-- Opening Marker --
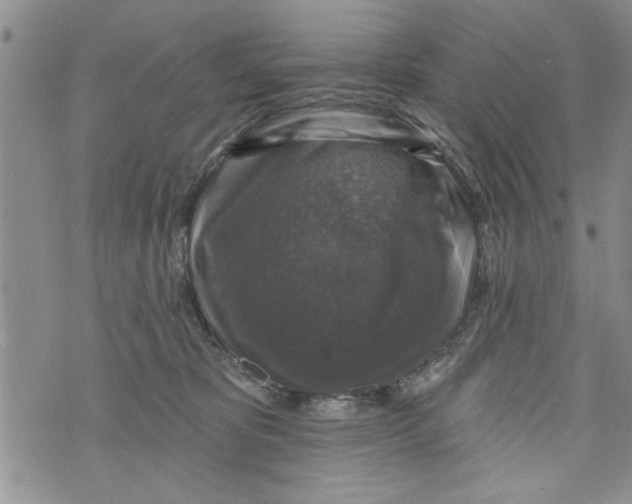 X0000073890325200609082129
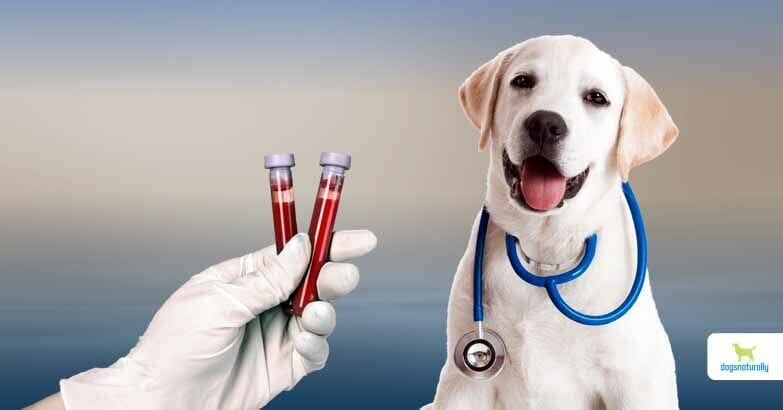 How Long Does Dog Blood Work Take 3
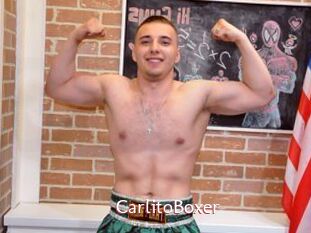 CarlitoBoxer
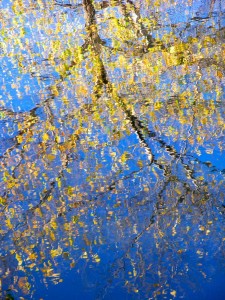 Autumn Abstract 49           
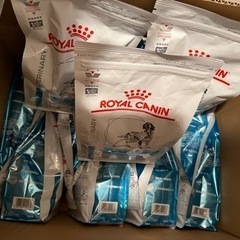 ロイヤルカナン セレクトスキンケア 1kg×11袋　未開封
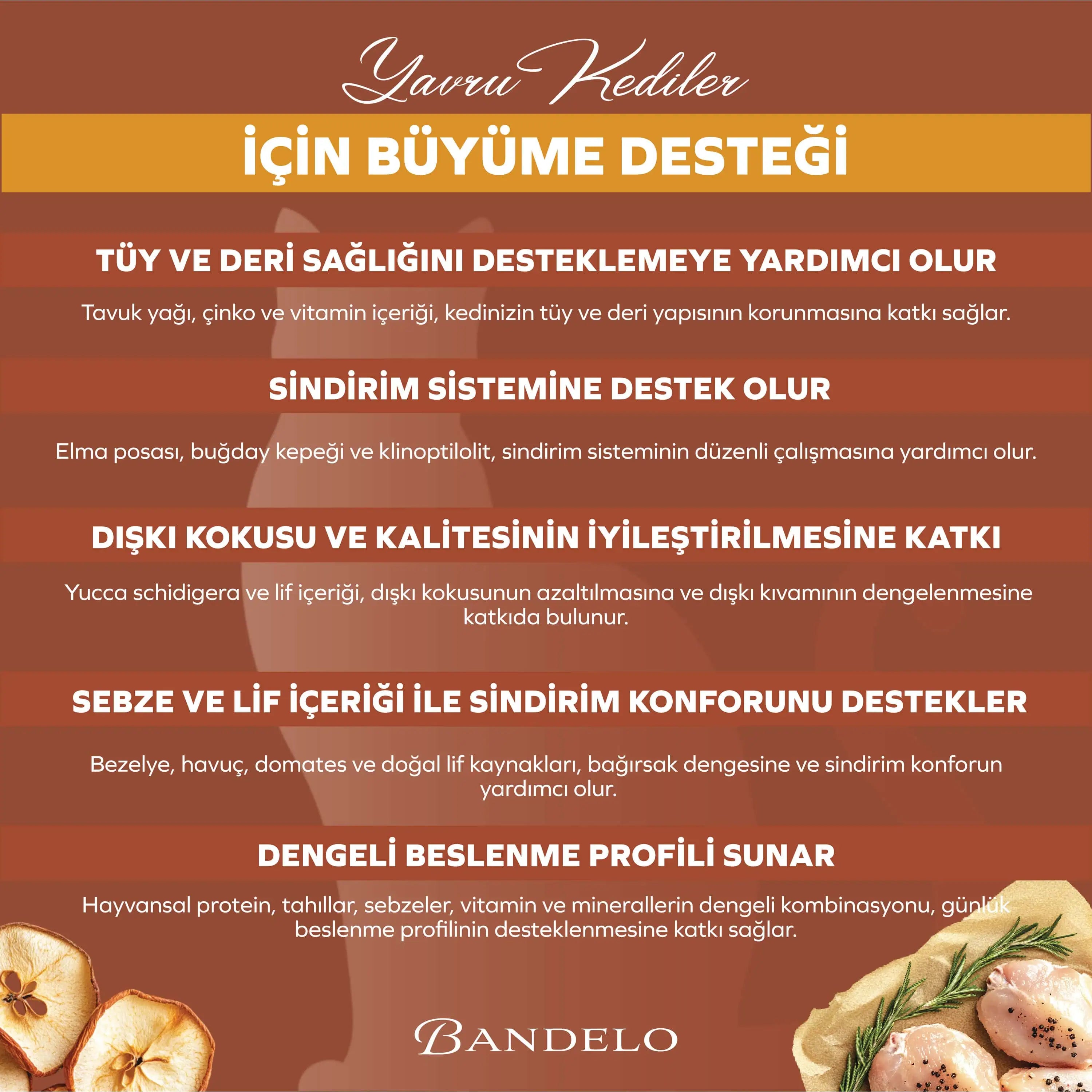 Bandelo Tavuklu Sebzeli Yetişkin Kuru Kedi Maması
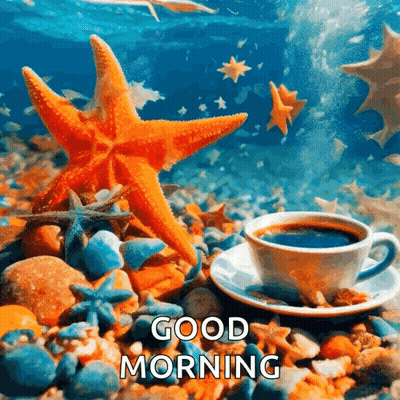 A Cup Of Coffee Is Sitting On A Saucer On A Rocky Beach Next To A Starfish . GIF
-- Closing Marker --
# Assignment
The expected answer is an unaltered copy of the listing, images removed.

# Response to this exercise
 X0000073890325200609082129
 How Long Does Dog Blood Work Take 3
 CarlitoBoxer
 Autumn Abstract 49           
 ロイヤルカナン セレクトスキンケア 1kg×11袋　未開封
 Bandelo Tavuklu Sebzeli Yetişkin Kuru Kedi Maması
 A Cup Of Coffee Is Sitting On A Saucer On A Rocky Beach Next To A Starfish . GIF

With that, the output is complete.